For long, researchers have sought to find ways to track eye movements and use that as signals to control different devices. Until now, this was impossible because eye movements make a lot of involuntary as well as voluntary movements. And it’s quite hard to distinguish between the two. However, now Dr Jean Lorenceau at Universite Pierre et Marie Curie-Paris has been able to overcome this critical problem. He has been able to devise a medical device which can accurately read voluntary eye movements and then translate them into words.
The chief problem with accurate eye tracking has been the involuntary movements of an eye. A person doesn’t have a lot of control over the movements of his eyes. His eyes can make a lot of involuntary movements that he may not even originally intend. But Dr. Lorenceau found out a way to distinguish between voluntary and involuntary eye movements. Through an optical illusion called ‘reverse phi motion’, he can accurately separate the voluntary movements from involuntary movements.
Dr. Lorenceau applied the technique to build a “temporally modulated visual display”. The device can sustain “smooth eye movements in arbitrary directions.”
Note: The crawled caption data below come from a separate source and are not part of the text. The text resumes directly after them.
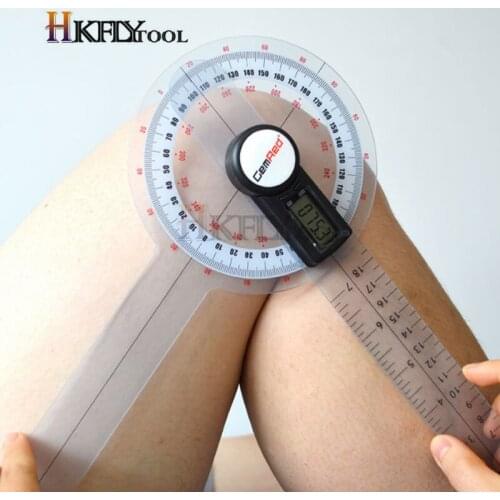 300mm digital angle ruler goniometer medical protractor electronic plastic body measure gauge angle meter inclinometer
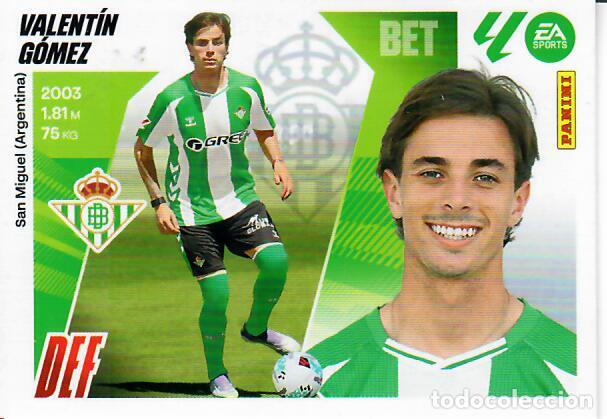 Cromos de F&uacute;tbol: CROMO PANINI LIGA ESTE 2025-26 (25 - 26) - FICHAJE N&ordm; 17 - VALENT&Iacute;N G&Oacute;MEZ - BETIS - 2&ordf; EDICI&Oacute;N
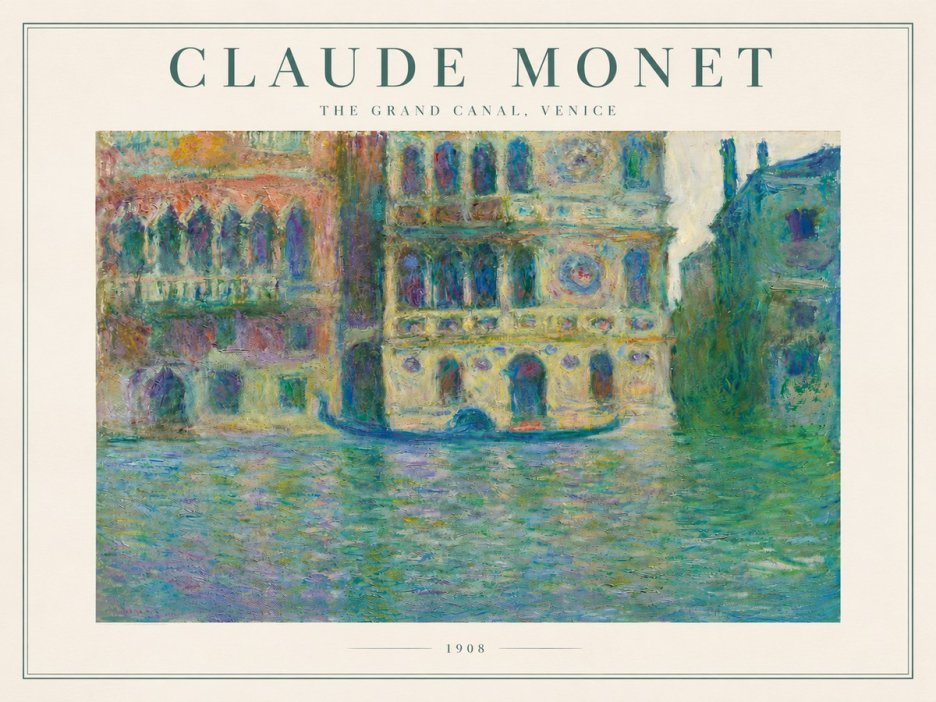 Monet The Grand Canal, Venice No3 - Plakát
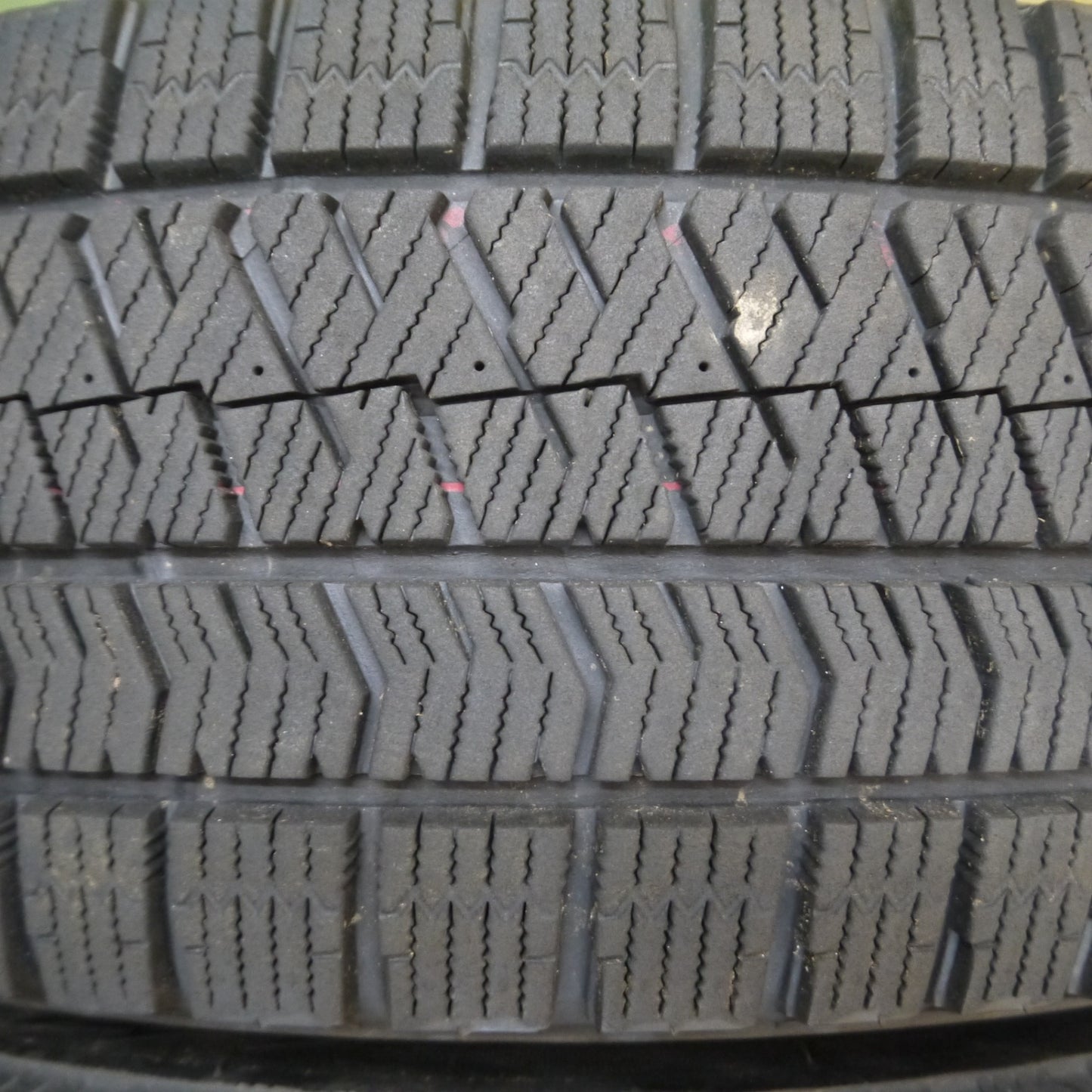 *送料無料* バリ溝！キレイ！9.5分★三菱 アイ ミーブ 純正 スチール 145/65R15 175/55R15 スタッドレス ブリヂストン ブリザック VRX2 PCD100/4H★4020202Hス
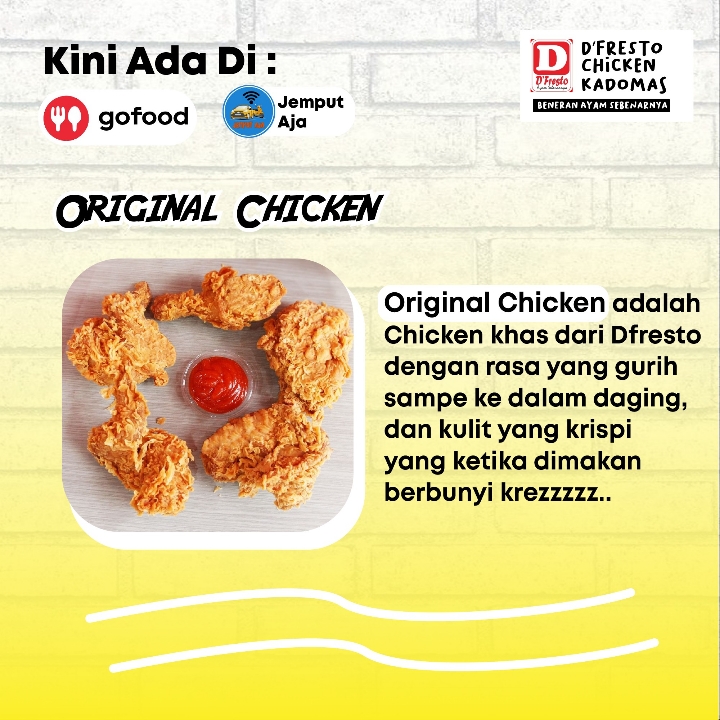 Chicken Original Dfresto Paha Bawah 2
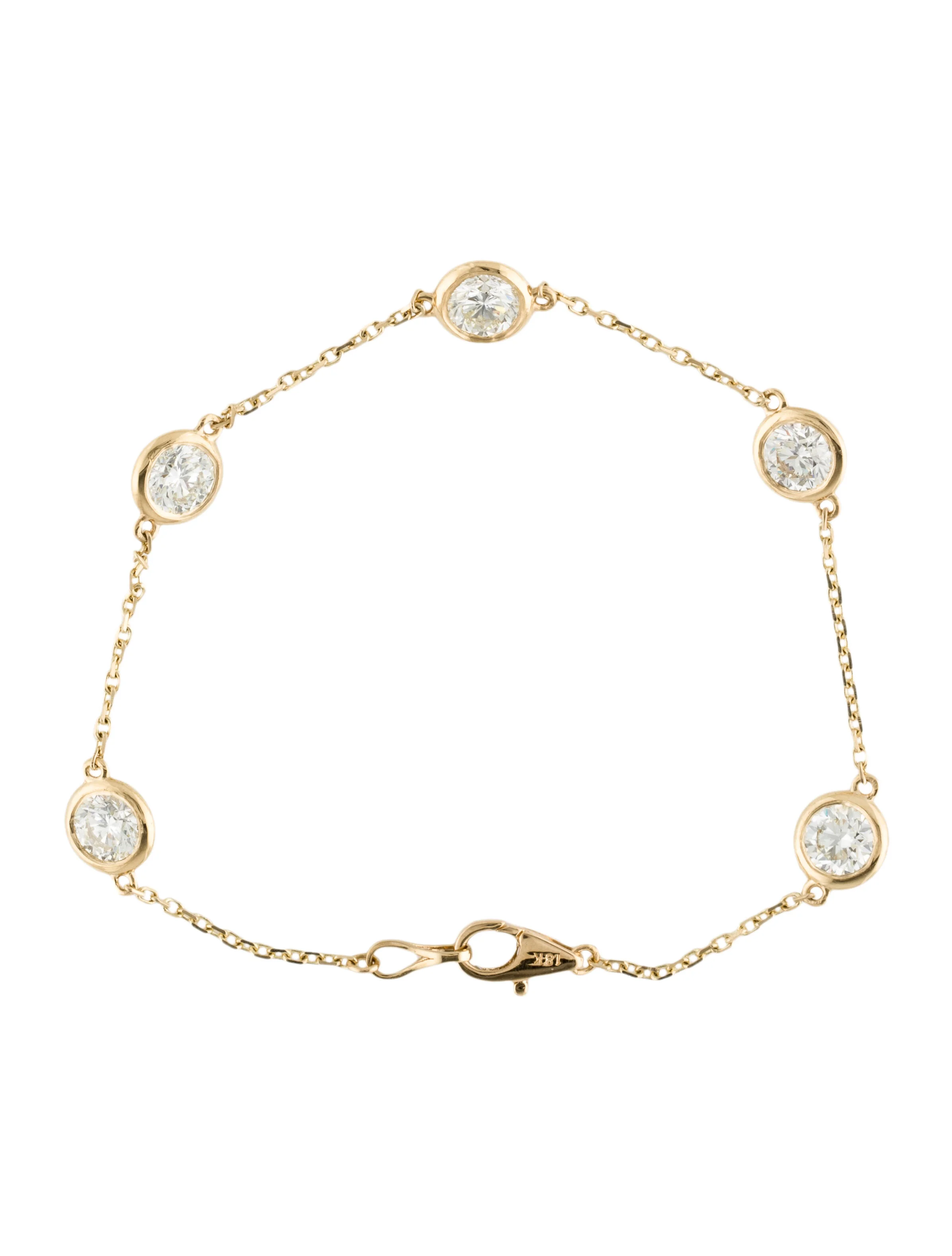 Bracelet18K 2.60ctw Diamond Station Bracelet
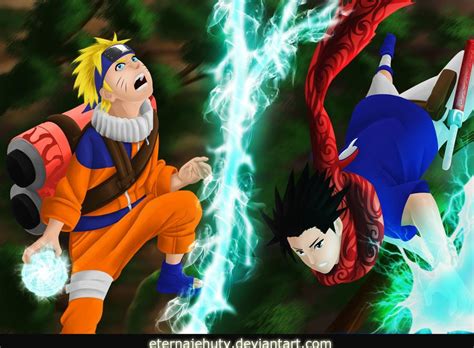 Naruto Vs Sasuke By Eternajehuty On Deviantart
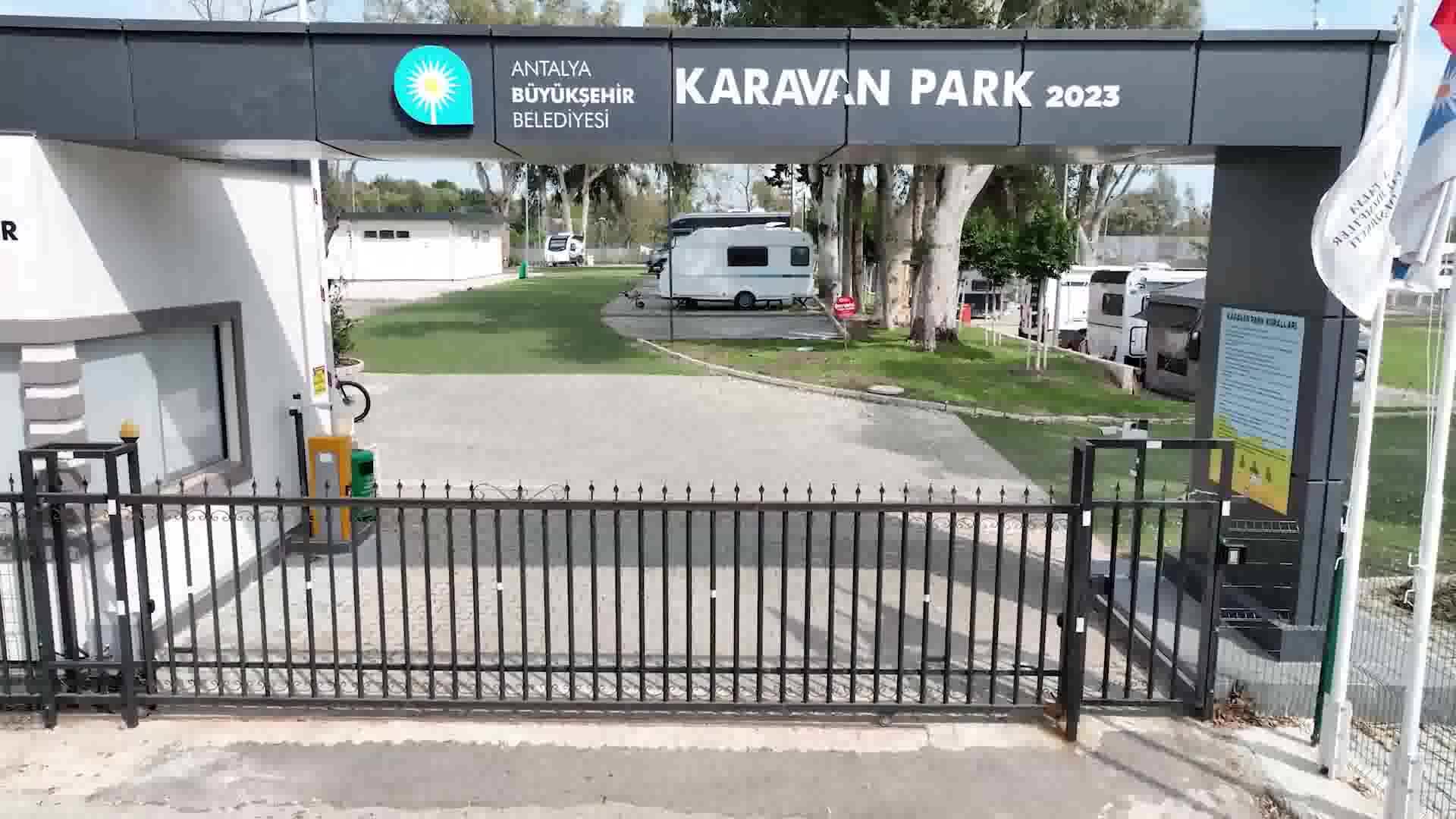 Antalya Büyükşehir’in Karavan Parkı bayram tatilinde tam kapasite hizmet verdi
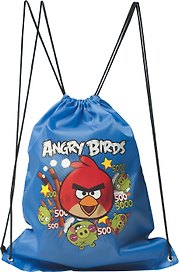 Мешок для сменной обуви «Angry birds» синий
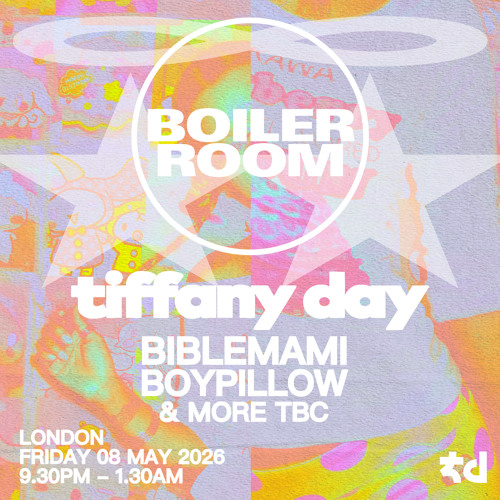 Boy Pillow | Boiler Room London: Tiffany Day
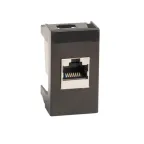 Розетка RJ-45 категория 6 экранированная Viva 1 модуль черная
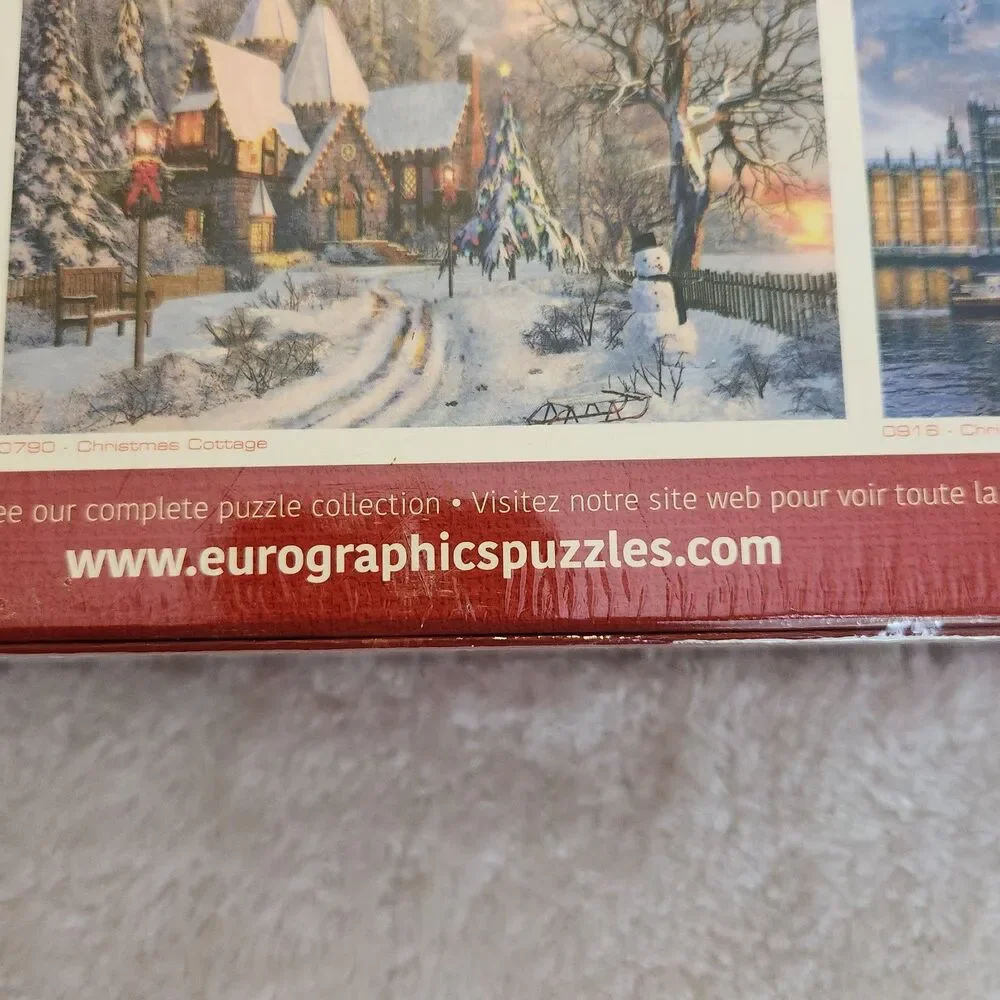 New Sealed 1,000 Piece Eurographics Holiday Dogs Jigsaw Puzzle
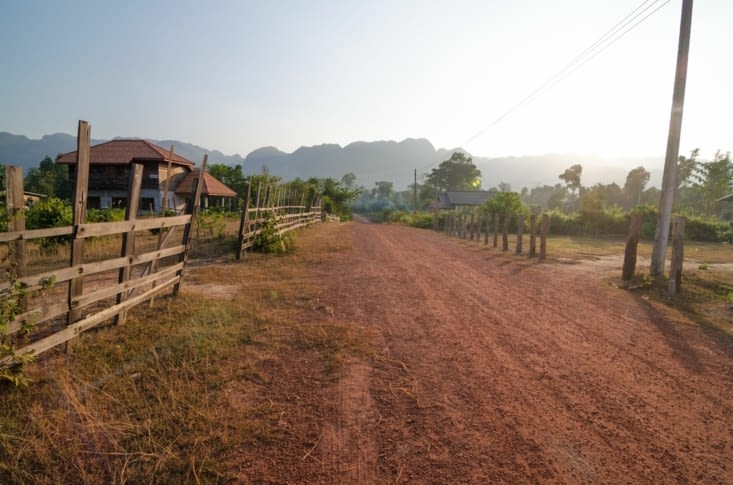 Sur la route vers Konglor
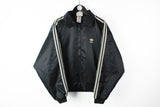 Vintage Adidas Jacket Medium black big logo 90s sport full zip jacket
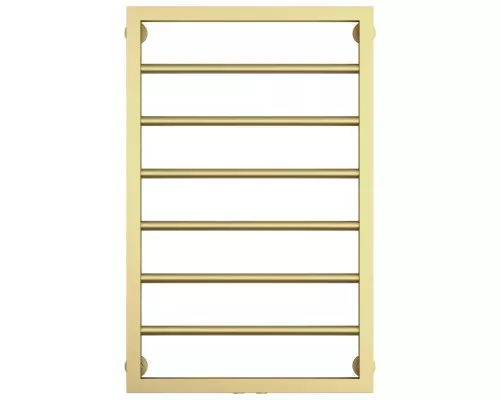 Купить Полотенцесушитель водяной 800х500 шампань матовая Сунержа Канцлер 022-0254-8050 в магазине сантехники Santeh-Crystal.ru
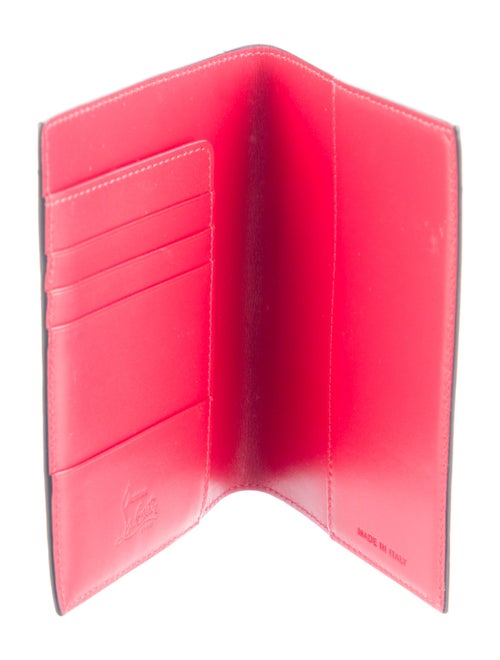 Christian Louboutin Patent Leather Printed Bifold Wallet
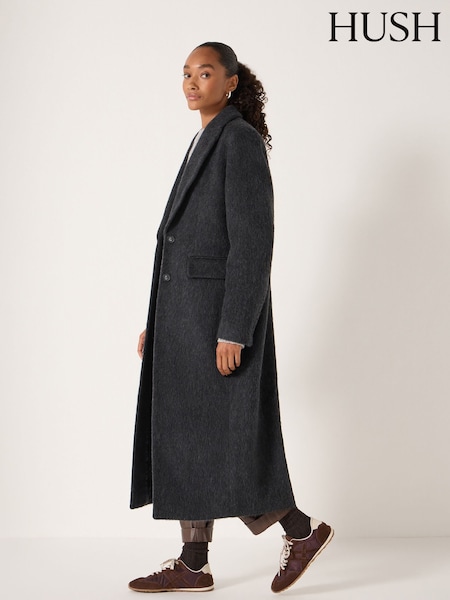 Hush Black Meridah Italian Wool Coat (G19108) | AED1,863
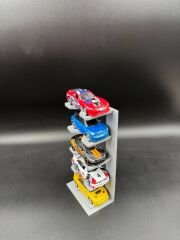 1:64 Ölçek Araç Sergileme Standı - 5 Araçlık - Gri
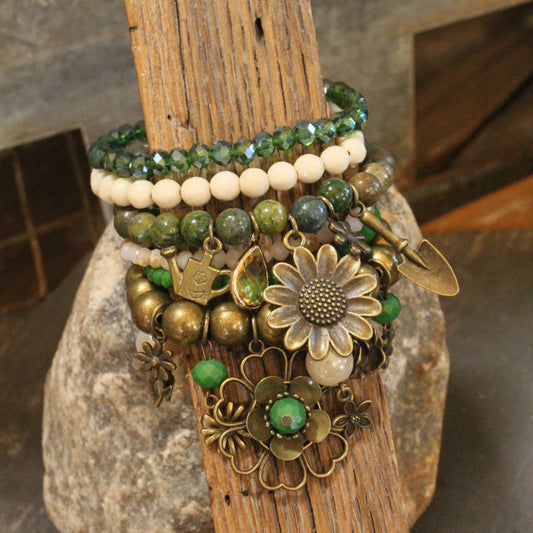 Fresh Flower Delivery Charm'd Bracelet Set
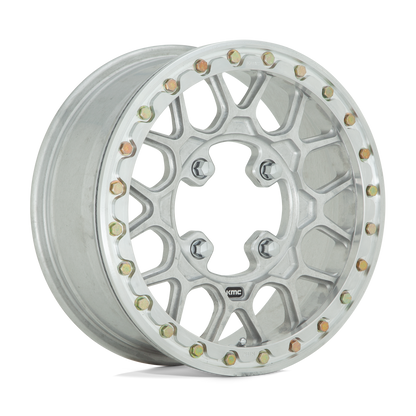 15x6 KMC KS435 Grenade Raw Machined FORGED UTV Wheel 4x156 (38mm)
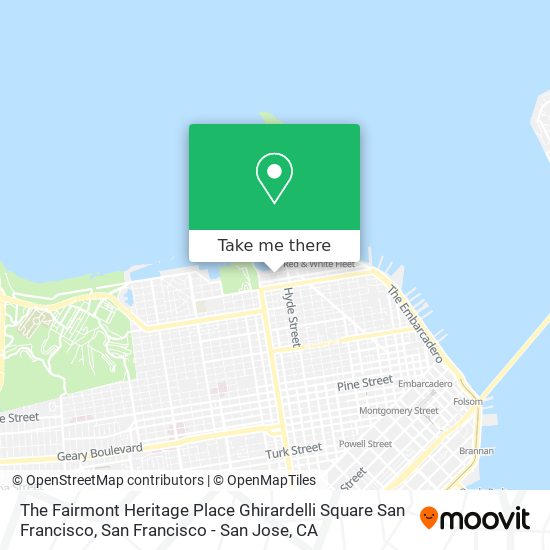 Mapa de The Fairmont Heritage Place Ghirardelli Square San Francisco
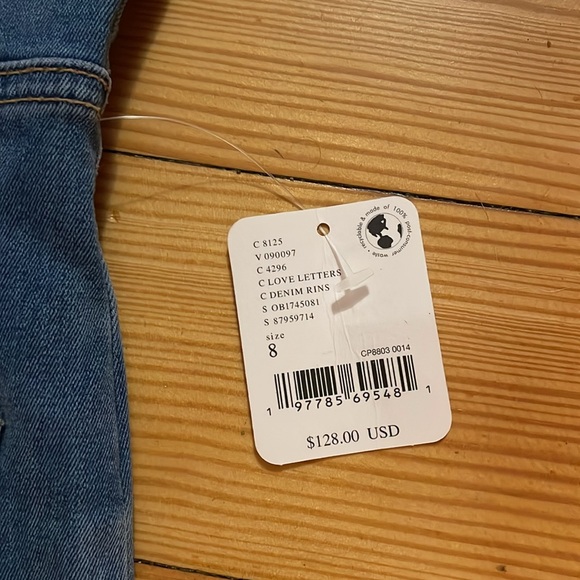 NWT FREE PEOPLE CRVY DENIM ROMPER - Picture 3 of 7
According to Dr. Lorenceau, a simple 90-minute training session can enable a person to use his medical device and “can generate digits, letters, words, or drawings at will” through eye movements. Participants can generate symbols at a speed of 20 characters a minute.
This may not sound like a very good speed; but in terms of science, it is a huge achievement. Given the accuracy of the device, it can be used by people with physical disabilities to pen down their thoughts.
The findings are published in Current Biology, couple of days ago.